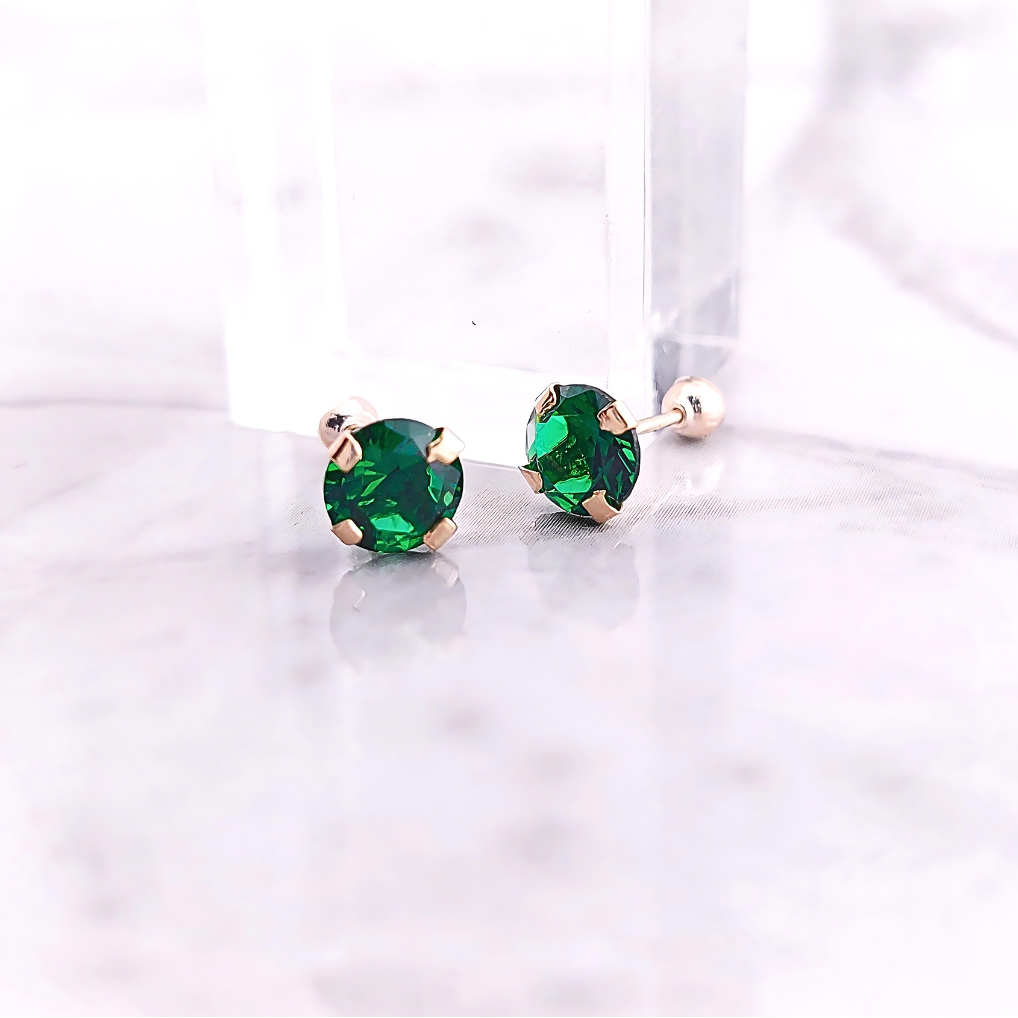 Dormilones Piedra 6mm Verde Oro Nacional 10K 210000020890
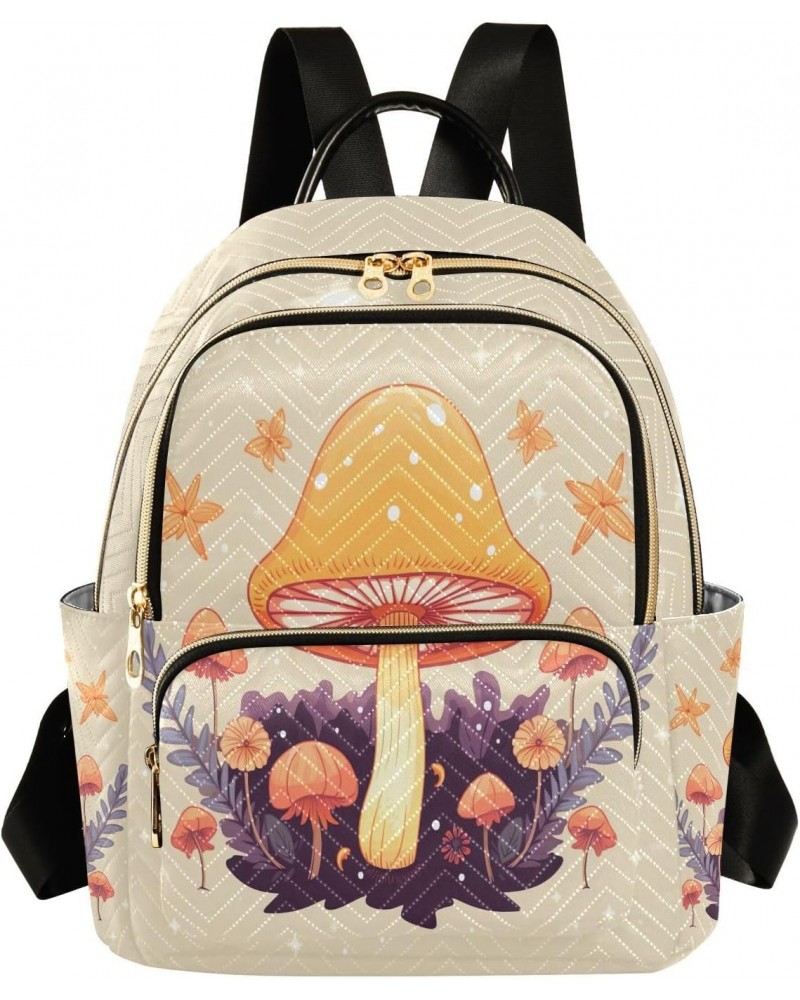 Orange Mushroom Flower Backpack for Women Casual Daypack Lightweight Shoulder Bag Small Backpacks Travel Purse for Outdoor La...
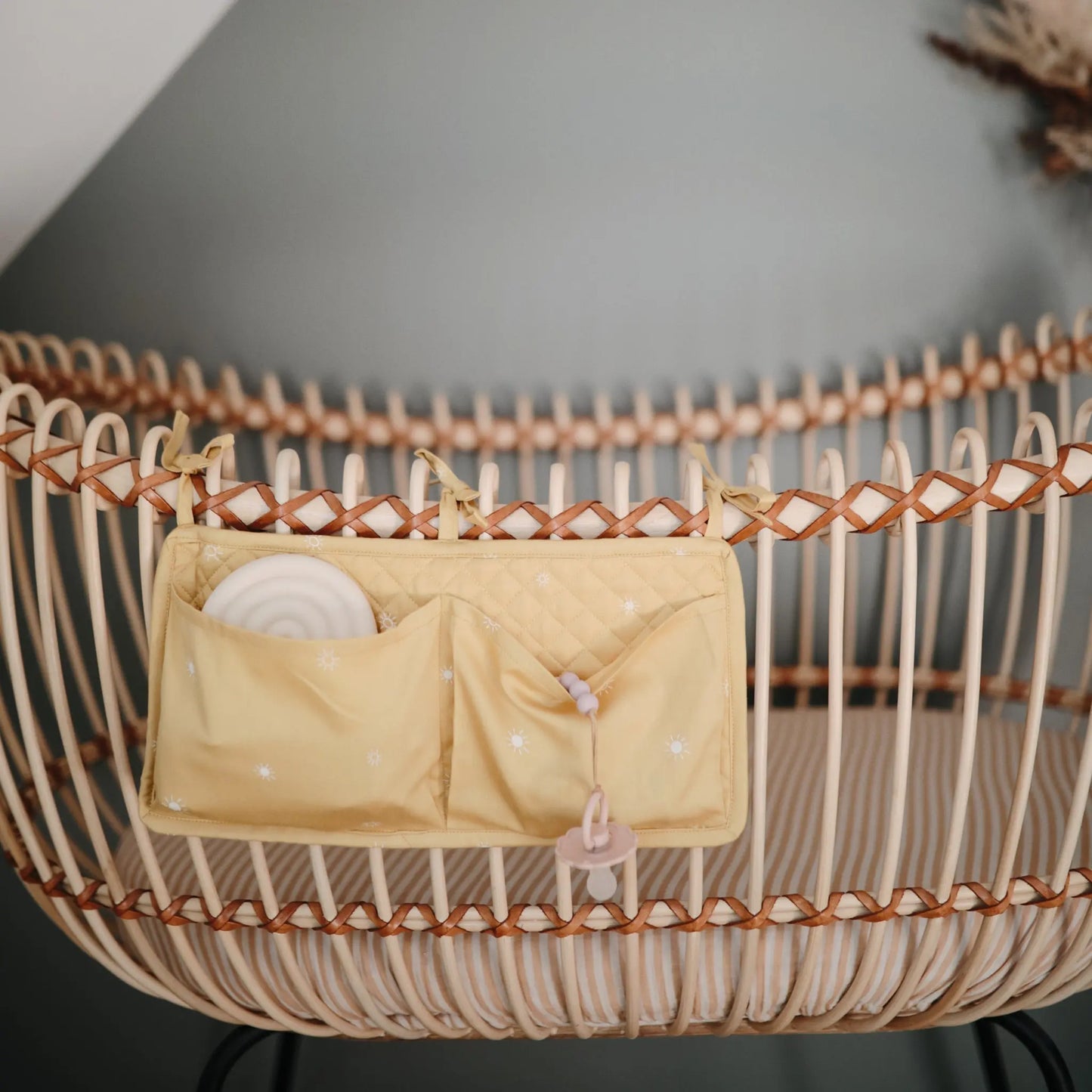 Storage Pocket for Baby Essentials with Adjustable Ribbon Ties Mushie Everetts Place: Online Boutique
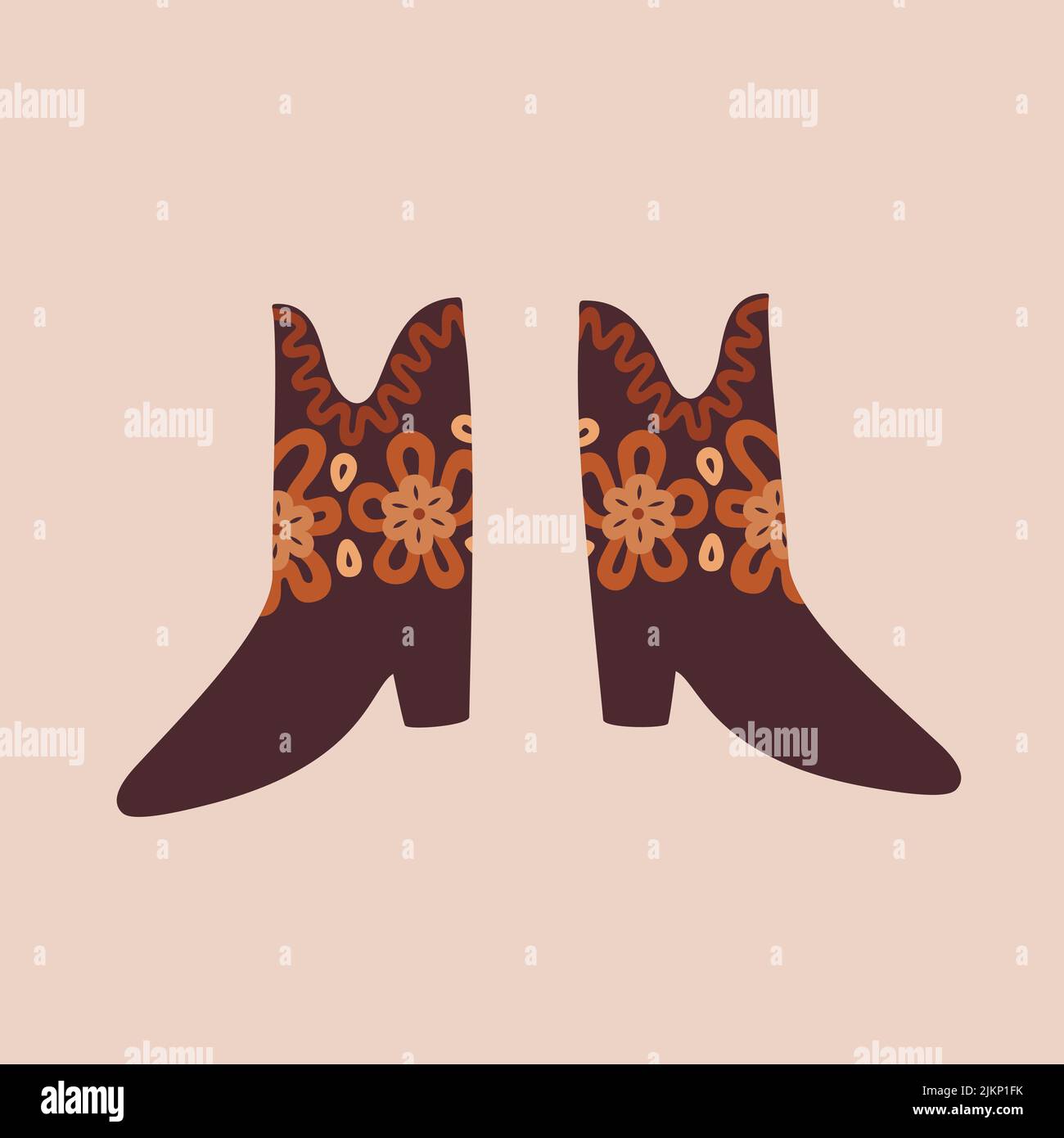 Bottes de cowboy de boho Illustration de Vecteur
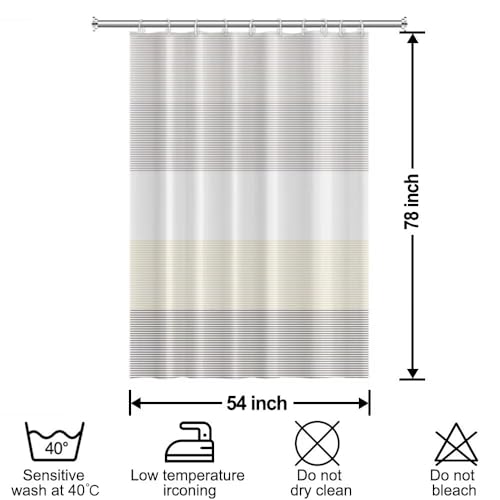 Boho Beige Brown Striped Long Stall RV Shower Curtain 54" Wx78 L | White Gray Bohemian Geometric, Polyester Waterproof, Machine Washable, Bathroom Small Curtain, Easy to Install with 10 Hooks - color: Beige, size: 54"W x 78"L (Pack of 1)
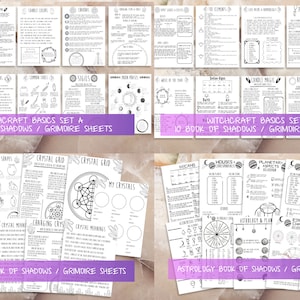 Utskrivbara sidor från nybörjarhäxkonsten i Skuggornas bok | Grimoire-ark för babyhäxor om kristaller, sigill, runstenar, örter och tarotkort bild 5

************

▶ [INSTRUCTIONS FOR THE TASK] When you transcribe the entries above, keep every word exact and leave out the pictures.

▶ [TASK OUTPUT]
 Dormilones Piedra 6mm Verde Oro Nacional 10K 210000020890
 Orange Mushroom Flower Backpack for Women Casual Daypack Lightweight Shoulder Bag Small Backpacks Travel Purse for Outdoor La...
 Storage Pocket for Baby Essentials with Adjustable Ribbon Ties Mushie Everetts Place: Online Boutique
 Bottes de cowboy de boho Illustration de Vecteur
 Boho Beige Brown Striped Long Stall RV Shower Curtain 54" Wx78 L | White Gray Bohemian Geometric, Polyester Waterproof, Machine Washable, Bathroom Small Curtain, Easy to Install with 10 Hooks - color: Beige, size: 54"W x 78"L (Pack of 1)
 Utskrivbara sidor från nybörjarhäxkonsten i Skuggornas bok | Grimoire-ark för babyhäxor om kristaller, sigill, runstenar, örter och tarotkort bild 5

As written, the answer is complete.